Sanctity of contractsBy Raul J. Palabrica |Philippine Daily Inquirer
The bashing that Manila Water Co. and Maynilad Water Services Inc. went through recently in connection with their concession agreement with Metropolitan Waterworks and Sewerage System illustrates the difficulty of doing business with the government.
The two concessionaires were criticized for passing on to their customers “illegal” charges, e.g. income tax obligations, representation expenses and other special operational costs.
Although these billings have been in place for almost 16 years, they drew public attention only in the course of the hearing of the companies’ petition for an upward adjustment of their tariffs.
In response to the criticisms, the companies placed full-page advertisements in the broadsheets stating that these charges were agreed to by MWSS in the concession agreement it signed with them in 1997.
Thus, in consideration for multi-million peso investments for the improvement, development and operation of Metro Manila’s water and sewerage systems, the concessionaires were authorized to collect, in addition to the usual water tariffs, the questioned billings.
The agreement, which is effective up to 2022, also provides for a rates review mechanism every five years to enable the concessionaires to get a fair return on their investments.
Surprise, surprise, after all these years, the MWSS suddenly found something wrong with those charges.
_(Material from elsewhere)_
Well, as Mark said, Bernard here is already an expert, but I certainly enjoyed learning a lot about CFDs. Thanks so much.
Its chief regulator, Emmanuel Caparas, said passing on the companies’ tax liability to the customers was illegal and that the operational expenses included in the computation of the rate basis were inappropriate.
The belated expression of concern for the welfare and interests of the water customers is comical, to say the least.
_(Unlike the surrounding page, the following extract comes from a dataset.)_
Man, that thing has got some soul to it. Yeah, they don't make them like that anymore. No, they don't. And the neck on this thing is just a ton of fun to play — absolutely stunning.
Until some so-called public interest groups demonized the charges as exploitative, MWSS considered them fair, equitable and consistent with generally accepted practices in developed countries.
It did not find any reason to question them, or rock the boat, so to speak, because the concessionaires were ably performing the mission it was supposed to undertake under the law that created it.
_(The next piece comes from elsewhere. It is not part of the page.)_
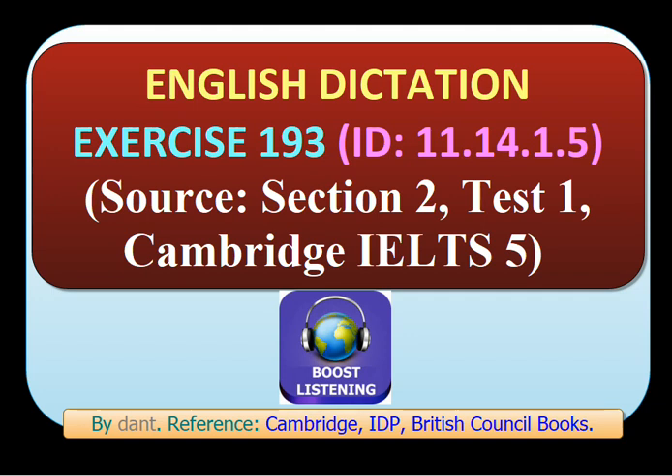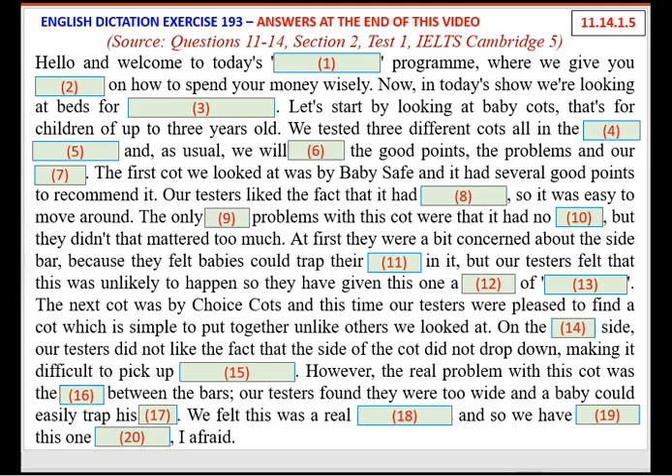You should answer the questions as you listen, because you will not hear the recording a second time. Hello and welcome to today's Buyer Beware program, where we give you some tips on how to spend your money wisely. In today's show, we're looking at beds for children and babies.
It also helped that the two companies were regularly remitting concession fees to MWSS that enabled it to continue to operate and sustain the cozy lifestyle of its officers and employees until President Aquino put an end to the allowance-giving spree of its former board of trustees.
The billings that were earlier considered to be in the best interests of water-starved Metro Manila residents metamorphosed into unconscionable financial impositions on the hapless wards of MWSS.
What was in the mind of MWSS when it planned the privatization of its facilities? Did it think it was in a strong bargaining position? Or did it feel it was obliged to quickly turn over its system to the private sector?
In the auction or bidding of government projects or assets, the government has the upper hand. Subject to existing laws or regulations, it can dictate the terms and conditions (or Terms of Reference) of the planned sale or auction.
Bidders or participants can be disqualified outright if they do not meet the pre-qualification standards set by the government office overseeing the activity. Until the award is signed, that office has complete control over the proceedings to make sure the bids submitted meet the objectives of the whole exercise.
If in 1997 MWSS believed it was negotiating from a position of strength and, that early, felt the questioned charges were illegal, it could have made that matter clear in the Terms of Reference or, if the bidders asked for it, turned them down pronto.
On the other hand, if MWSS was under pressure from the administration then to privatize its facilities as soon as possible to deflect criticisms about its failure to meet the water needs of Metro Manila residents, it had no choice but accept the demand of the concessionaires to include the questioned charges in the concession agreement.
It is not uncommon that, due to external pressure or instructions from the higher ups, some public officials are forced into agreements that, although legally defensible on its face, contain morally questionable provisions. As the legal adage goes, not everything that is legal is moral.
The fear of displeasing the powers-that-be often motivates public officials into looking the other way or being less circumspect in their actions. They sometimes take solace in the thought that “in case anything goes wrong with the transactions he entered into, it would be his successor’s headache, not his.”
Whatever may be the reason behind entering into an agreement, a contract freely entered into must be dutifully complied with by the parties. That is the norm in civilized societies.
The present board of trustees of MWSS has to decide whether or not it will respect the terms and conditions of the concession agreements entered into by its 1997 predecessor in regard to the questioned charges.
Unless the concessionaires agree to their deletion or a competent court declares them illegal, MWSS cannot, in the exercise of its regulatory authority, disallow their collection.
Neither will the threat of some publicity-seeking senators to investigate the matter be of any consequence to the legality of those agreements. The inviolability of contracts freely entered into by the parties is protected by our Constitution.
Doing business with the government can sometimes be a pain in the neck.